Words simply cannot describe what it’s like to be a part of the Boston Marathon in any given year, but 2014 is different.
Along with the increased security, there are more people and more news reporters. There are also more hugs, more tears and more energy. Random strangers see my 2010 marathon jacket and the race bag hanging from my shoulder and wish me luck in the race.
Stepping off the Green Line train and making my way to Boylston Street, I was met with throngs of people, runners and spectators alike. The 2014 Boston Marathon jacket is neon orange, and jackets dotted the gray landscape like buoys on the ocean.
An ambulance drove by and I stopped in my tracks.
A sense of anxiety overtook me for a brief moment as I remembered the seemingly endless line of ambulances (we stopped counting after 50) on Columbus Avenue when we finally ventured out from our safe haven following last year’s bombings. The ambulances were stopped on the side of the road, waiting. Waiting for what? More tragedy? I tried not to think about it.
The Boston Marathon Expo this year was bustling with activity, with some few noticeable differences. For one, there was heightened security upon entering the John Hancock Convention Center. All bags were searched before entering the building.
Most of the official Boston Marathon merchandise was sold out by the time I arrived at 4:00 pm, and I ended up ordering my neon orange jacket online at the Expo. Everyone wants a piece of Boston 2014, including me.
I ran into my friend Megan, who was working at one of the Expo booths. She wished me luck and asked how I felt. I didn’t know how to answer her and just kind of stood there, unable to put into words how I felt. What I wanted to say was that I feel wonderful, scared, overwhelmed, confident and excited all at the same time. A mix of emotions were bottled up inside me.

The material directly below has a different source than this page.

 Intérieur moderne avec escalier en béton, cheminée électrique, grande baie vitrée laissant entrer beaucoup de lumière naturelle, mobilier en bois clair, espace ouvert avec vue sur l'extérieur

Leaving the convention center, my boyfriend and I crossed the street and made our way to the same restaurant we ate dinner at last year, less than a block away from the finish line. We didn’t have reservations, but as luck would have it we got a table in the bar right away and ate the requisite pre-race pasta dinner.
After our dinner, we ambled over to the finish line. There were a lot of people milling about, but it was eerily quiet. A makeshift memorial was set up near the finish line, close to where the first bomb detonated. Some people took pictures of the memorial while other people hung their heads in silent prayer. I thought again about how lucky I was a year ago, and how so many others were not.

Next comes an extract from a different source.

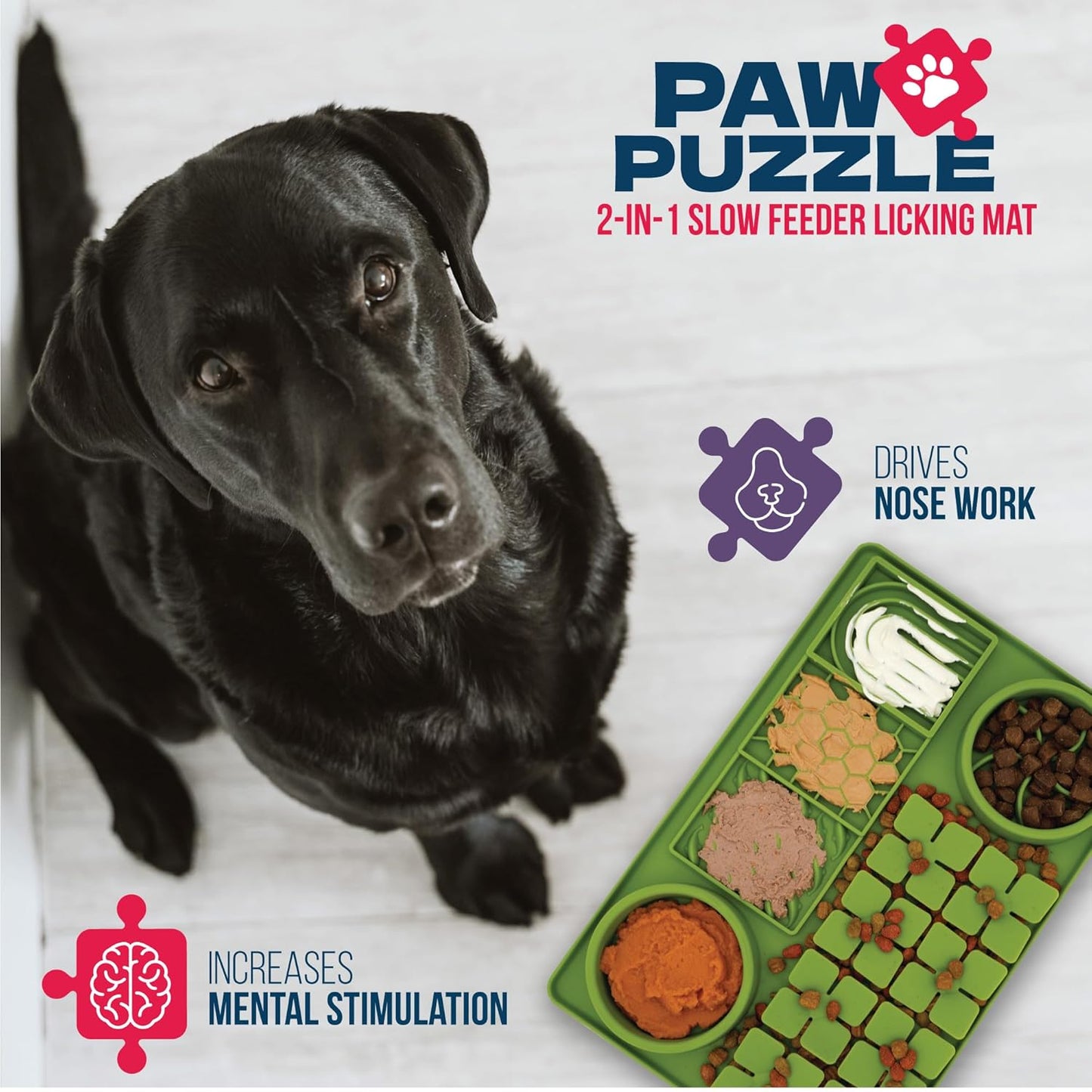 Palz&Co Paw Puzzle Non-skid Silicone Slow Feeding Dog & Cat Mat, Large: Green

Now, safe and sound in my aunt’s apartment, I am preparing for race day.
I have packed my small bag, gathered my water and granola bars and lined up my running clothes. The weather reports are favorable and I know the crowd support will be amazing. I am as physically prepared for this race as as I could possibly be.
I can only hope my mental fitness will carry me across the finish line on a day filled with emotion.